Oguro: You mostly handled action scenes in Mahoromatic as well, but you’re saying you were also enthusiastic about doing other parts?
Yoshinari: I had the intention of doing whatever I was asked to, but in the end I only got that kind of scenes, and no acting. They were simply bringing me difficult scenes, so I was doing action or effects for the most part. Of course it was OK for me to do difficult parts since I was an employee, and it was on my work time so they had to take advantage of it.
Oguro: We consider you as an action authority, and I think a great part of the works you’ve done are action scenes, yet personally, you’re not intending to master action animation?
Yoshinari: I don’t really care. I’m just doing it for the fun of making drawings move, so to use harsh terms, I don’t have affection for characters. As long as I can make it move, I don’t care what kind of drawing it is, and I guess most qualified animators think the same way. Like, (Toshiyuki) Inoue-san’s also working with that mindset, I think.
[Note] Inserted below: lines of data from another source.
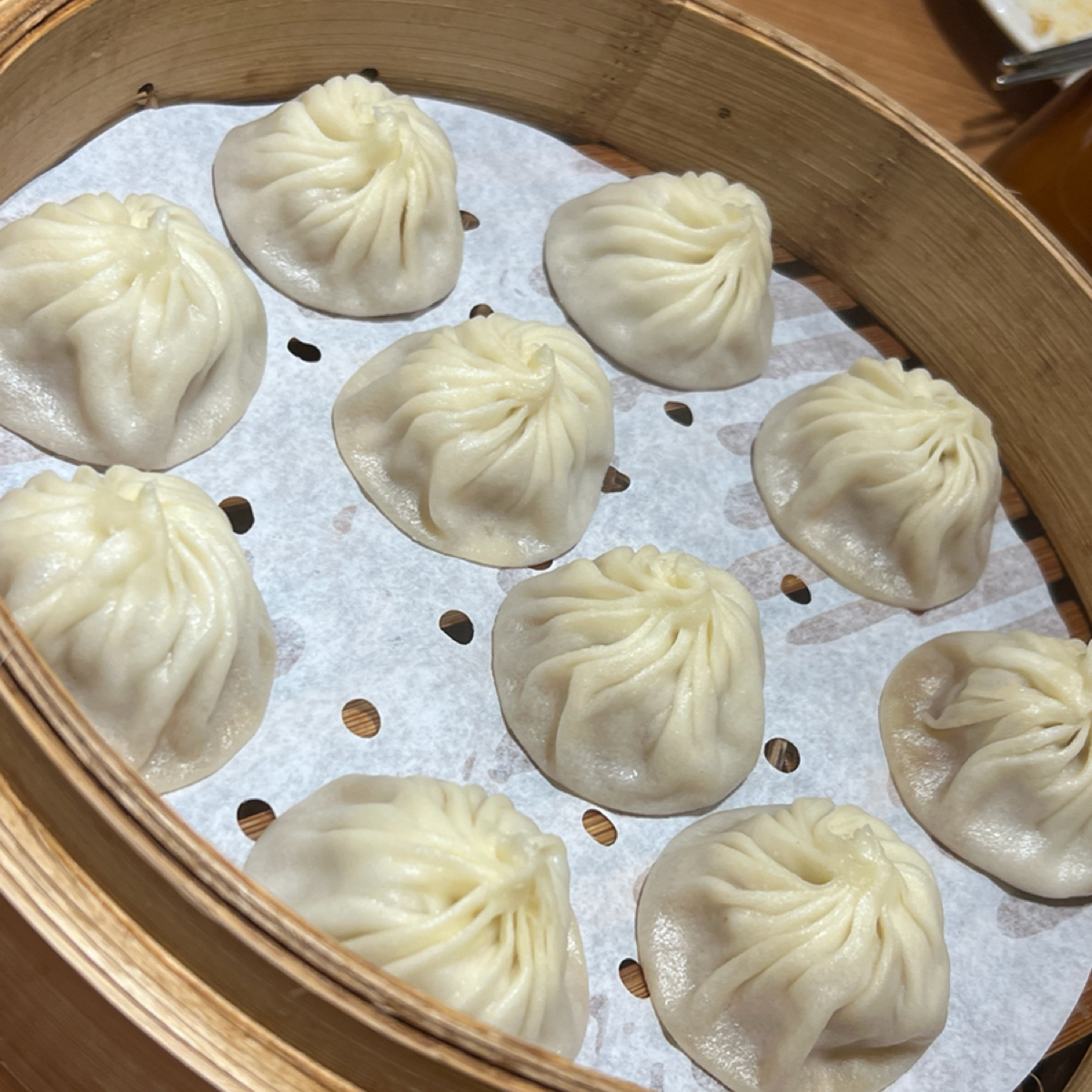 Meal image of 鼎泰豐  新光A4店: 小籠包 shot by 動吃動吃動吃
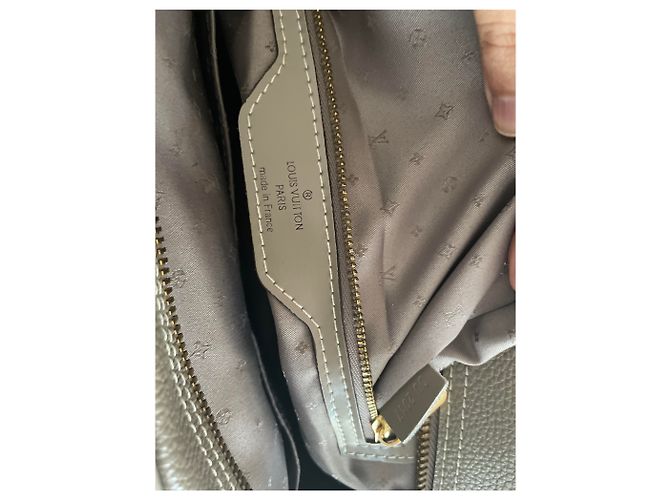 Borsa a mano Louis Vuitton Suhali in pelle Taupe - vista 4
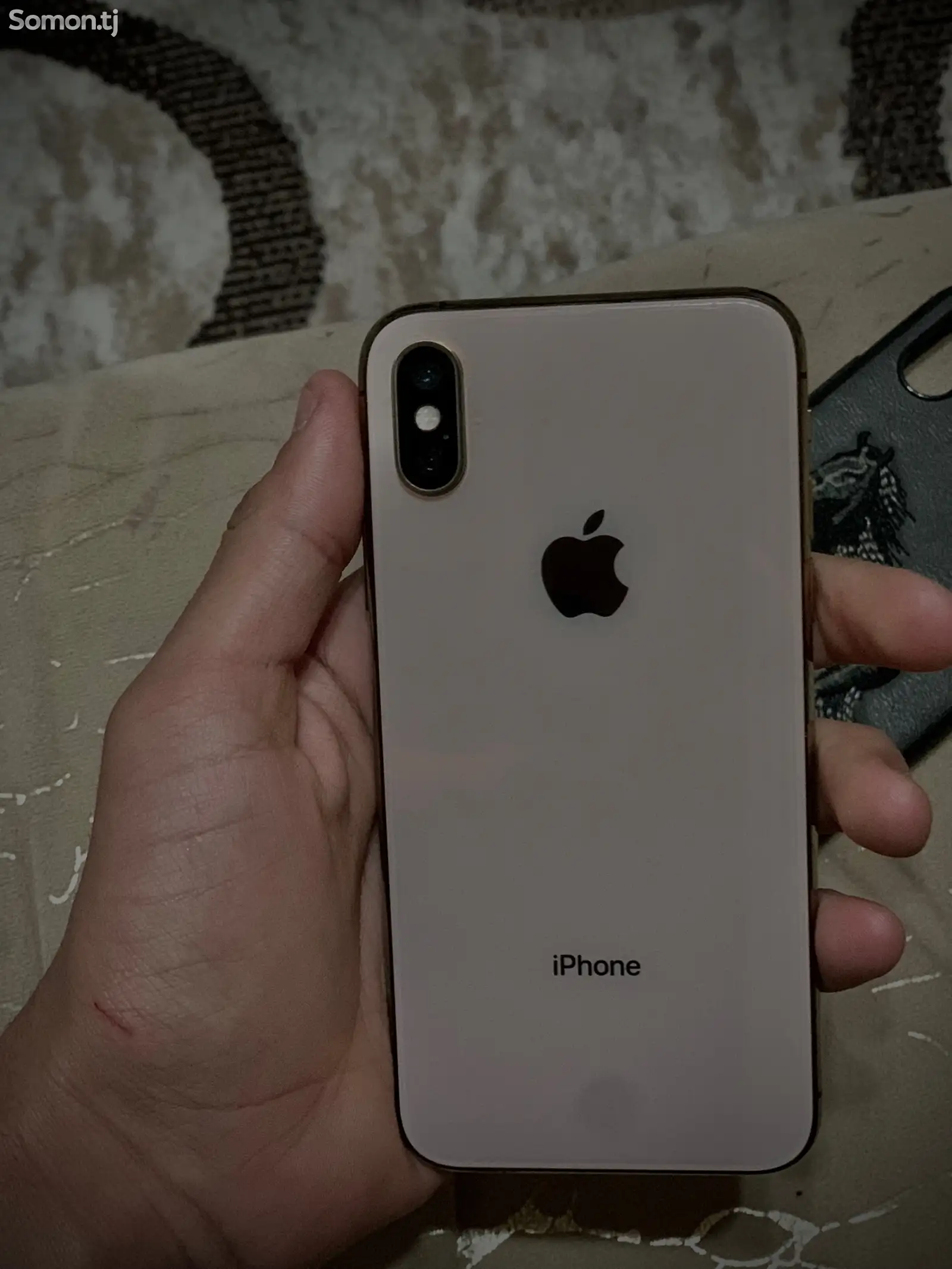 Apple iPhone Xs, 64 gb, Gold-1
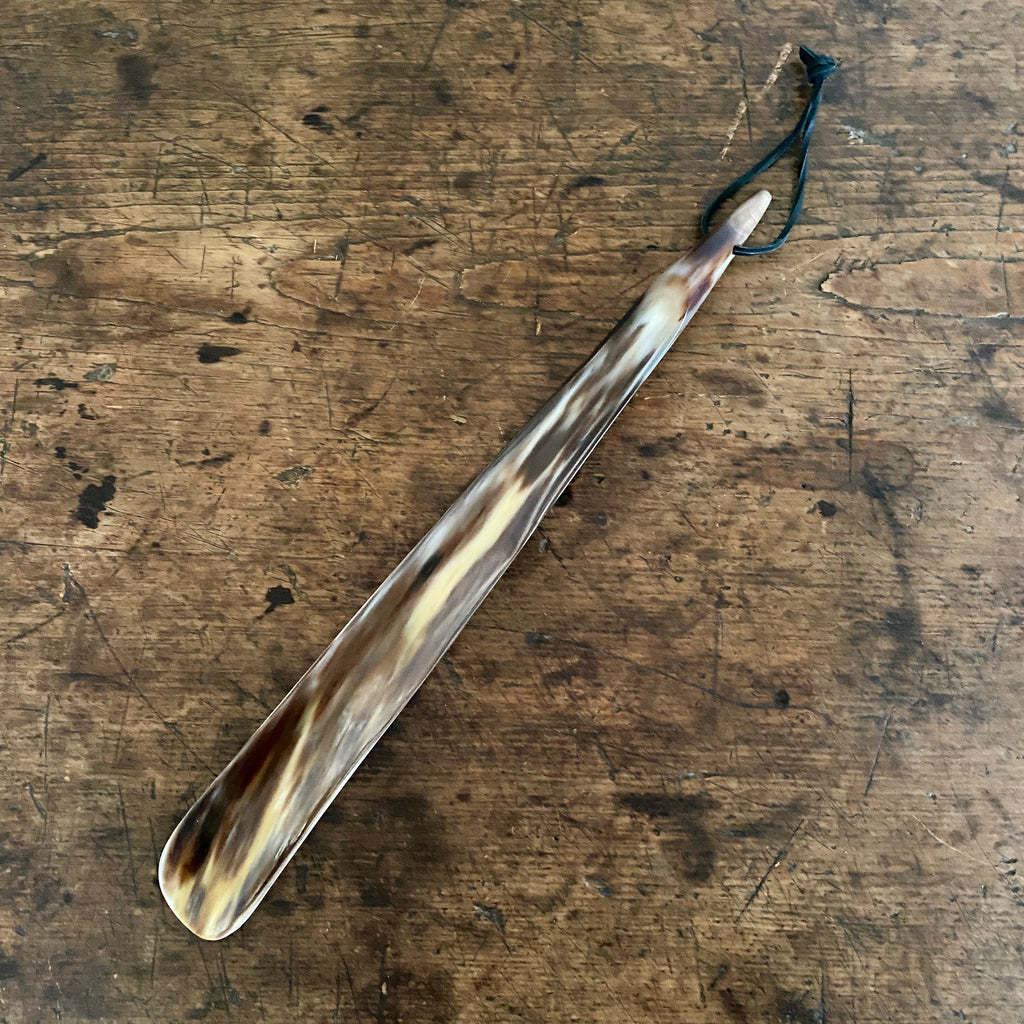 16-Inch Shoehorn With Tip End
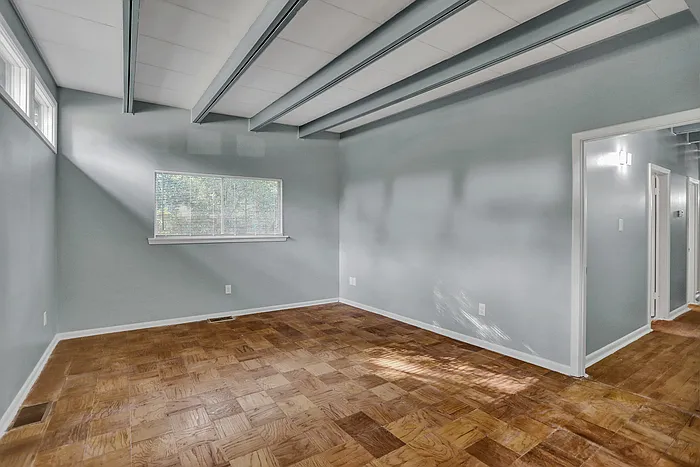 3 bed, 2.0 bath, 2065 sqft, $1,845 — Photo 3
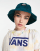 Thumbnail 1 van 4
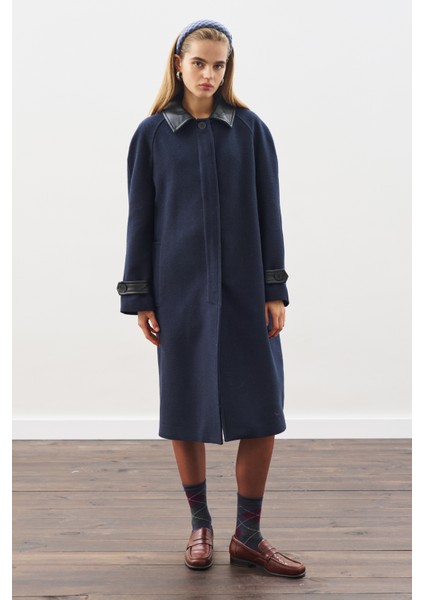 Deri Detaylı Kaşe Kaban Lacivert modelleri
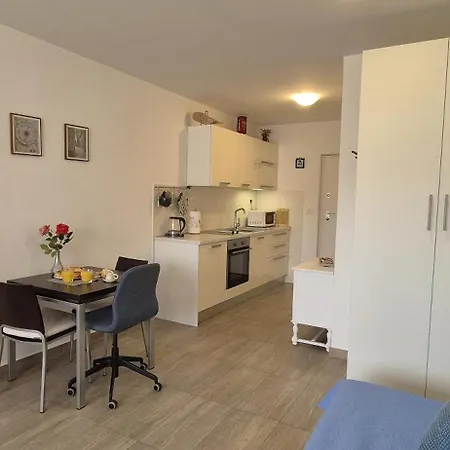 Romana Near Znjan Apartment Split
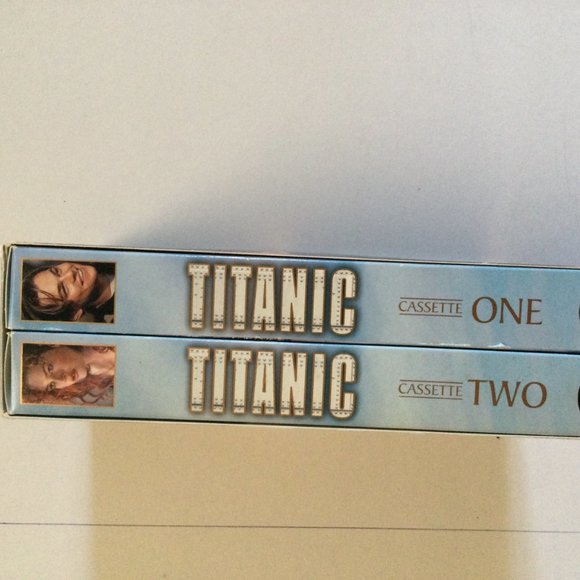 3 VHS movies Titanic, Saving Private Ryan, Lord of the rings double tapes - Picture 5 of 7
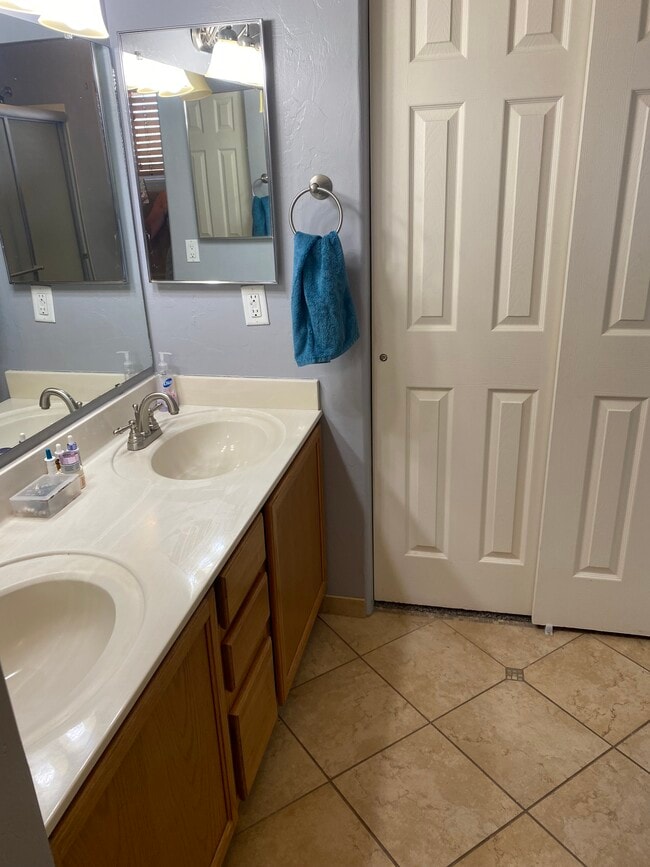 Photo - 3444 N Applewood Dr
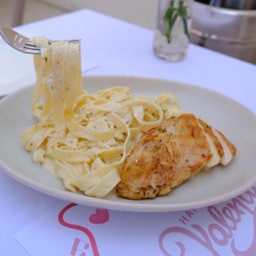 เฟตตูครีมซอสไก่ย่าง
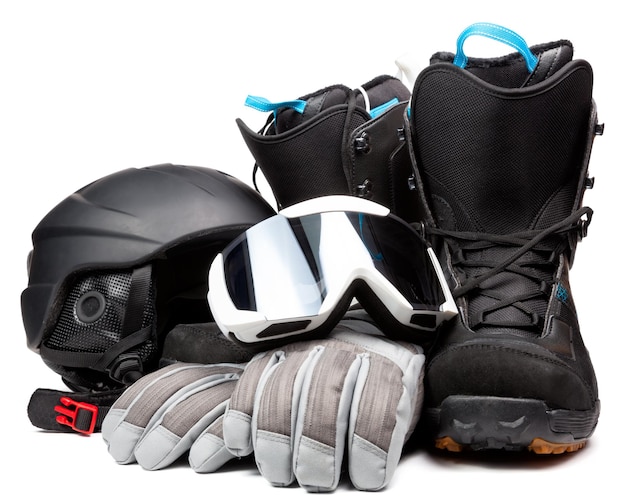 Buty do snowboardu z hełmem i rękawiczkami na białym tle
Yoshinari: Well, I also think that even if drawings look great, it’s not good if they’re not relevant to the work itself. After all we need to think about the work and to reflect on the audience’s enjoyment. I try not be selfish in my enjoyment.
Oguro: You mean you mustn’t just seek for your own satisfaction as an artist?
Yoshinari: It’s not really satisfaction, but the process of animating itself is so pleasant I tend to look like I only care about technique. That’s something I shouldn’t do.
Oguro: So you don’t care about the style of the drawings either?
Yoshinari: Of course I do, but I just don’t have any inclination or particular preference, since there are approaches or aesthetics to fit each one. I prefer to think about how I would animate it.
Oguro: Currently on Little Witch Academia, you’re drawing cute characters with few amounts of lines. Does that means it was also in your artistic range?
Yoshinari: I guess so. Even if I’d rather say I just came up it this without thinking that much. First I thought about giving more direction to the designs, but there was a pressure around me, saying it wouldn’t be well-received (wry smile). So after some course correction, they ended up being kind of orthodox.
Oguro: Oh, so you were aiming for more original designs?
Yoshinari: Well, I thought I would make them a little bit different from what we’re used to see.
Oguro: But people around told you not to make it too different?
Yoshinari: First they told me “It’s not cute” (laugh). “Can’t you do something about it?”. And since I don’t have preferences of my own, I’m easily influenced by others. If I’m told something’s wrong, I immediately change course.